Short text fragments from websites
* * *

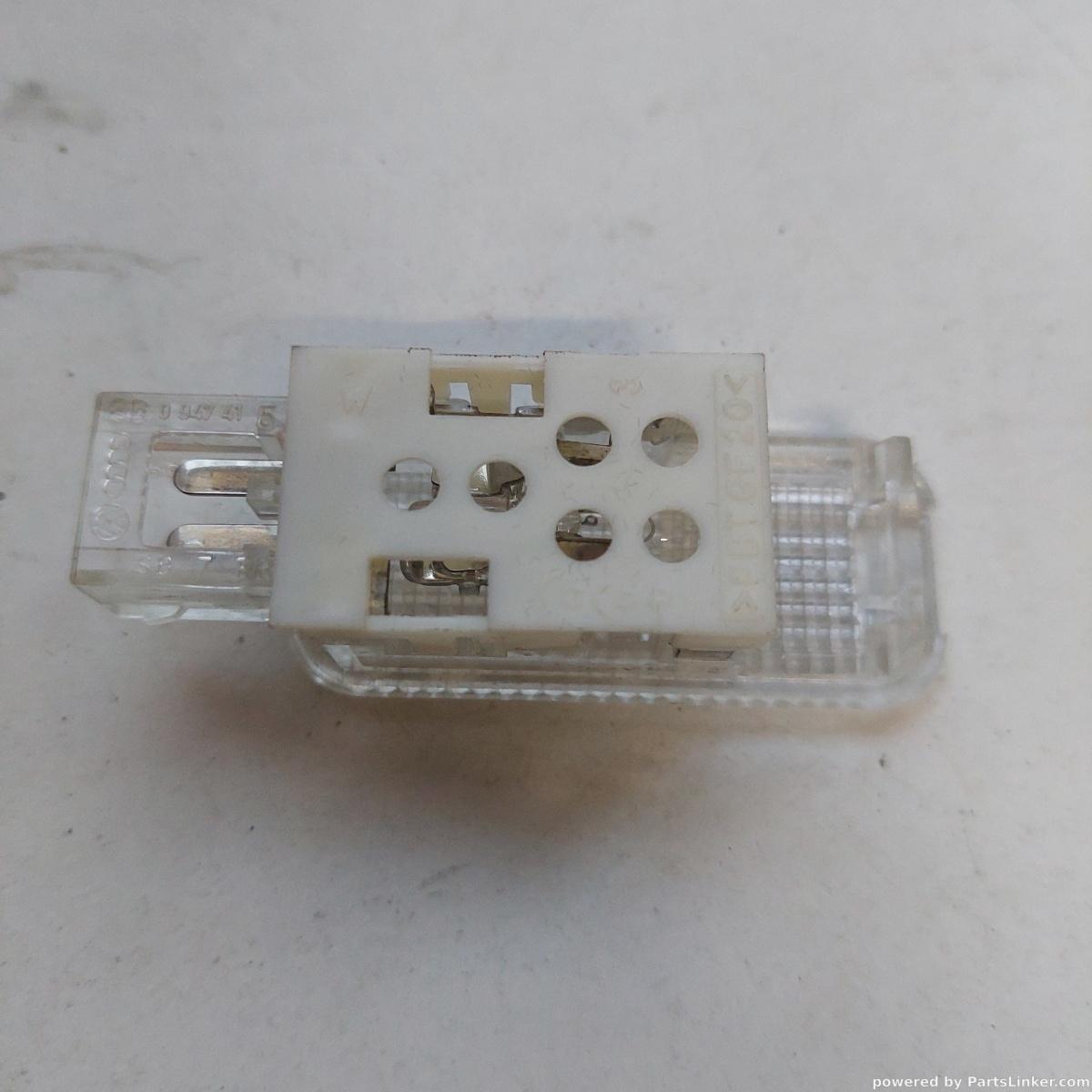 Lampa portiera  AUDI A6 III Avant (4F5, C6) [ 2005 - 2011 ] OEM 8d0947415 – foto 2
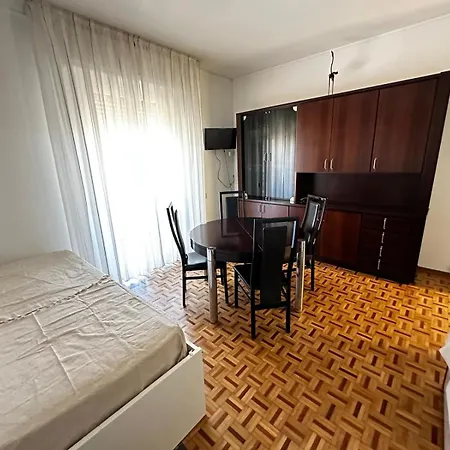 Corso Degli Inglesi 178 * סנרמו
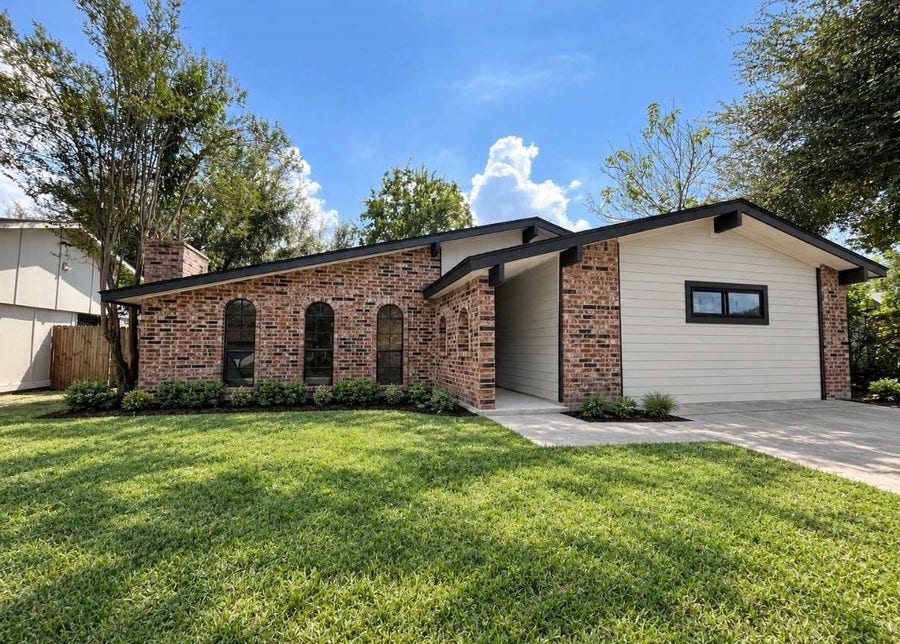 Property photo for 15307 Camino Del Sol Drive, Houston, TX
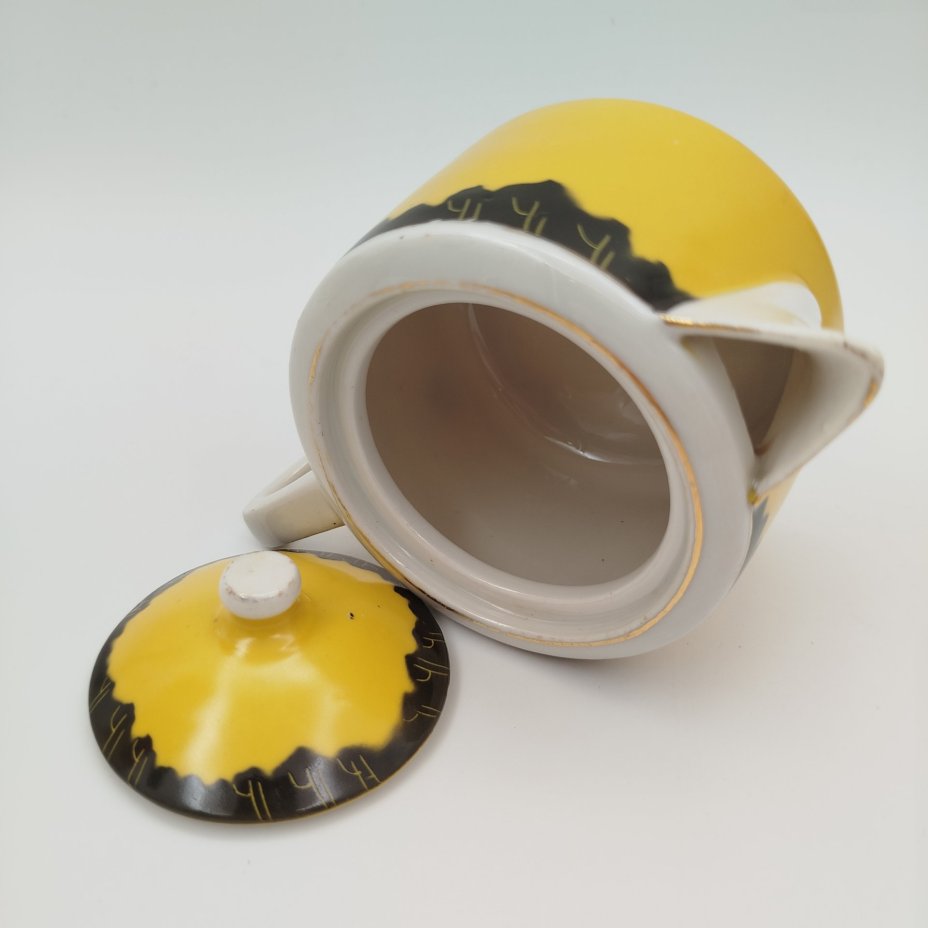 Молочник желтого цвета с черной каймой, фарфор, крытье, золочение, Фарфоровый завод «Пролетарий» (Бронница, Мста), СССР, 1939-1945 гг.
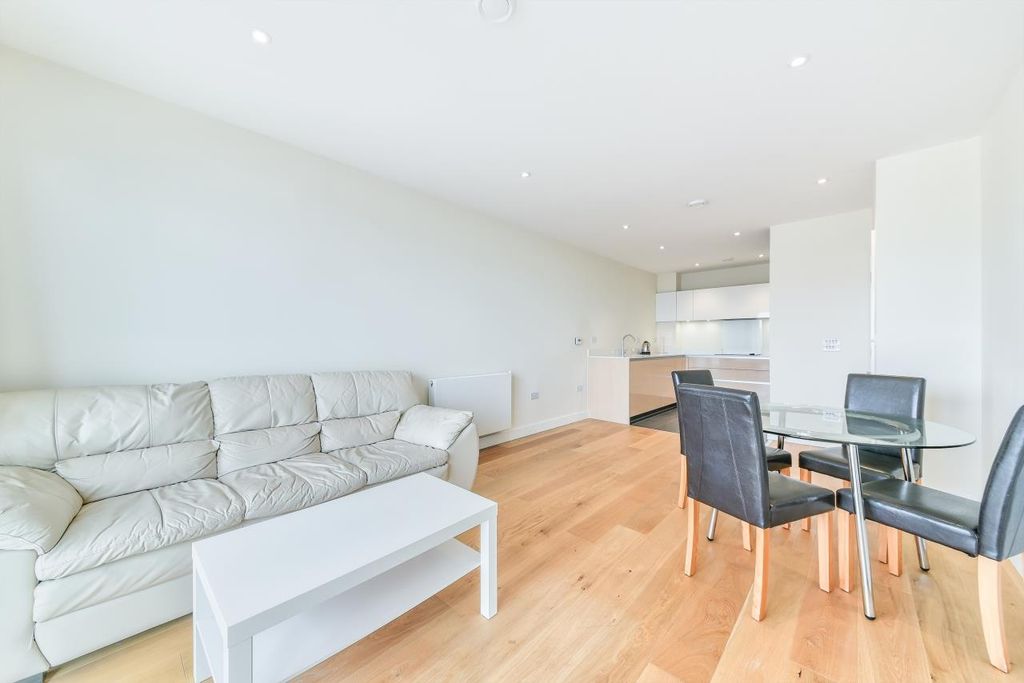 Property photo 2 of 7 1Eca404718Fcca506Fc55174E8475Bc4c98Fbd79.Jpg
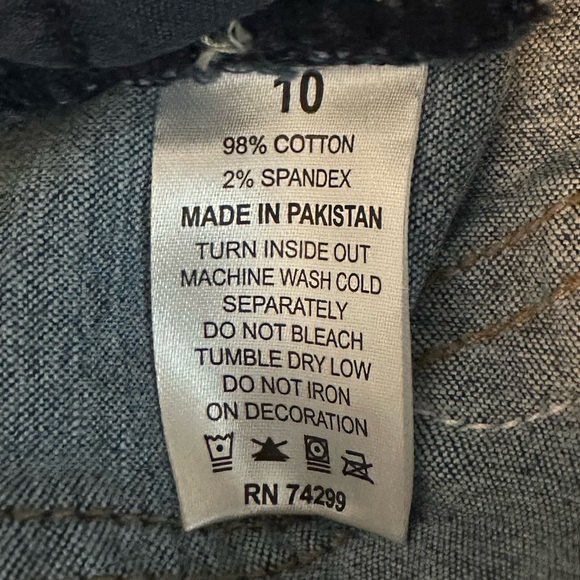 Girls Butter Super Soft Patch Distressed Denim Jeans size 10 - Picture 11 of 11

* * *

* [YOUR GOAL] Here the records must be restated exactly, minus any images.

* [RESULT]
 Lampa portiera  AUDI A6 III Avant (4F5, C6) [ 2005 - 2011 ] OEM 8d0947415 – foto 2
 Corso Degli Inglesi 178 * סנרמו
 Property photo for 15307 Camino Del Sol Drive, Houston, TX
 Молочник желтого цвета с черной каймой, фарфор, крытье, золочение, Фарфоровый завод «Пролетарий» (Бронница, Мста), СССР, 1939-1945 гг.
 Property photo 2 of 7 1Eca404718Fcca506Fc55174E8475Bc4c98Fbd79.Jpg
 Girls Butter Super Soft Patch Distressed Denim Jeans size 10 - Picture 11 of 11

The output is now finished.